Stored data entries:
********************

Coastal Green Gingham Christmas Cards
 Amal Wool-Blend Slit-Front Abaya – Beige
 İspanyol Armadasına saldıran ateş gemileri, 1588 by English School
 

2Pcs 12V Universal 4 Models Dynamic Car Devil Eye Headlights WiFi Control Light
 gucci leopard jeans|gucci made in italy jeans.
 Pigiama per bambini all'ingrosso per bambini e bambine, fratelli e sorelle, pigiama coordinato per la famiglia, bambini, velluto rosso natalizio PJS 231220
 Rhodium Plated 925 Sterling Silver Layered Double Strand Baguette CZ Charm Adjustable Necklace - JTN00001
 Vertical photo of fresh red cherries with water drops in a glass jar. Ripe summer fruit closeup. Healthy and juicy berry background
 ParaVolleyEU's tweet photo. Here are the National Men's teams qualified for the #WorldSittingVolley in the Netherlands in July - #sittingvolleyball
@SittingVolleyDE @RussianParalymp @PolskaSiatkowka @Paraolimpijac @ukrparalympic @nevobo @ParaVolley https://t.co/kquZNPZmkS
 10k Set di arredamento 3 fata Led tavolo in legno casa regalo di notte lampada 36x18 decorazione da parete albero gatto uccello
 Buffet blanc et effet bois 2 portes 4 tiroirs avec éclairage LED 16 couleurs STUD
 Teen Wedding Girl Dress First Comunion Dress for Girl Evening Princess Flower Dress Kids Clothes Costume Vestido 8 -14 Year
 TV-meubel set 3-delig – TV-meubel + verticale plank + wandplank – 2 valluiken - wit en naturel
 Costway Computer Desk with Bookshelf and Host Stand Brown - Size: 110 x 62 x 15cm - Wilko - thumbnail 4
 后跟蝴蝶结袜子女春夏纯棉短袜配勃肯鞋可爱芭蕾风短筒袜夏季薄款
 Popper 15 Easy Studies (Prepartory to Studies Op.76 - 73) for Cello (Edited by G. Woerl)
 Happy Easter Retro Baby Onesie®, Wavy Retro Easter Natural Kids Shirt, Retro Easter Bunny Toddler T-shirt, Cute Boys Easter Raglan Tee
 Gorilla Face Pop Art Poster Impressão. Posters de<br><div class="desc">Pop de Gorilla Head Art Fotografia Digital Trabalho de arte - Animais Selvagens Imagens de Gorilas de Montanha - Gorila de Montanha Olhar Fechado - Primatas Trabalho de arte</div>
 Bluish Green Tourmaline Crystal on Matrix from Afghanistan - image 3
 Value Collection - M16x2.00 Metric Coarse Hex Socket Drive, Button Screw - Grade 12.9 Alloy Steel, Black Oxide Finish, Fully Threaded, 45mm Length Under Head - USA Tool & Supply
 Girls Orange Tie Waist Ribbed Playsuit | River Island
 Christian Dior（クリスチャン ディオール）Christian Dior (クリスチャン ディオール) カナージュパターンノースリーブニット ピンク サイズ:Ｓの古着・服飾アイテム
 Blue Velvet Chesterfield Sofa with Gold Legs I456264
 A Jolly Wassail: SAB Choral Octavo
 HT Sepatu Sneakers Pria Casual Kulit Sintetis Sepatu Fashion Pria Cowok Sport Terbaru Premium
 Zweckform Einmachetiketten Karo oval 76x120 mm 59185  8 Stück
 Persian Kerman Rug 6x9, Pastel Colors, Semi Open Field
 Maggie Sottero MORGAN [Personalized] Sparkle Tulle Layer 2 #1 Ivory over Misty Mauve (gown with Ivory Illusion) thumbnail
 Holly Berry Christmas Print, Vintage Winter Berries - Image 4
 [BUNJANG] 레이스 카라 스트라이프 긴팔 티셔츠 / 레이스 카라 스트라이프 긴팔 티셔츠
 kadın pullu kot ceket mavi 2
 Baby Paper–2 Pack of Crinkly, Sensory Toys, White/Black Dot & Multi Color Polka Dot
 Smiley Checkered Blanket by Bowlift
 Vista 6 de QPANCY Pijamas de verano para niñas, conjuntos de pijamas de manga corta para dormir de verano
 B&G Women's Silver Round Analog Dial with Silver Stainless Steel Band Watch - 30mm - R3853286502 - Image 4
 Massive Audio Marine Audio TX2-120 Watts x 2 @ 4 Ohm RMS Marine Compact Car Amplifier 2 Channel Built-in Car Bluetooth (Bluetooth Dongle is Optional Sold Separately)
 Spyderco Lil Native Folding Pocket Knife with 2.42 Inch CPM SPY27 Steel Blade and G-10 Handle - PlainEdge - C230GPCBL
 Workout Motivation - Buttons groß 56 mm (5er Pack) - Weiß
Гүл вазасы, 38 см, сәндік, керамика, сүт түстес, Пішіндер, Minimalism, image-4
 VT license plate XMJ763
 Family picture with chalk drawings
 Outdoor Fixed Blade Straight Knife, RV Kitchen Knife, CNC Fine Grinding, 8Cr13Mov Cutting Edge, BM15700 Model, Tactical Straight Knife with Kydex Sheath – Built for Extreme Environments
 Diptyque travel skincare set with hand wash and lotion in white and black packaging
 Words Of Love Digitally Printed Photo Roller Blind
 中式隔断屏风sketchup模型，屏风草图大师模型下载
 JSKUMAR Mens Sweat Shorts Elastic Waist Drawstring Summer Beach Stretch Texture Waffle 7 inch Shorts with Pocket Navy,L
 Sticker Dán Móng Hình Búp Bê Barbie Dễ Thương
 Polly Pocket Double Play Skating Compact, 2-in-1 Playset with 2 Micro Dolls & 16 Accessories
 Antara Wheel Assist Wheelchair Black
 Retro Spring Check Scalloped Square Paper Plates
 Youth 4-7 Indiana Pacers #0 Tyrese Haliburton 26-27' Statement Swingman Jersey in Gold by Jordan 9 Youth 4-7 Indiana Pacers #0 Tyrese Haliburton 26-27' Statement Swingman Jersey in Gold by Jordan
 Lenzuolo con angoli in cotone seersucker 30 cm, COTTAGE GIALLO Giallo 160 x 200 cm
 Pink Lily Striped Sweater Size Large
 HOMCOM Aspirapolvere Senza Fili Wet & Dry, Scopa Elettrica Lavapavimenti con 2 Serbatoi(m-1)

********************

Return all lines in the data that include the word "Built".

 Massive Audio Marine Audio TX2-120 Watts x 2 @ 4 Ohm RMS Marine Compact Car Amplifier 2 Channel Built-in Car Bluetooth (Bluetooth Dongle is Optional Sold Separately)
 Outdoor Fixed Blade Straight Knife, RV Kitchen Knife, CNC Fine Grinding, 8Cr13Mov Cutting Edge, BM15700 Model, Tactical Straight Knife with Kydex Sheath – Built for Extreme Environments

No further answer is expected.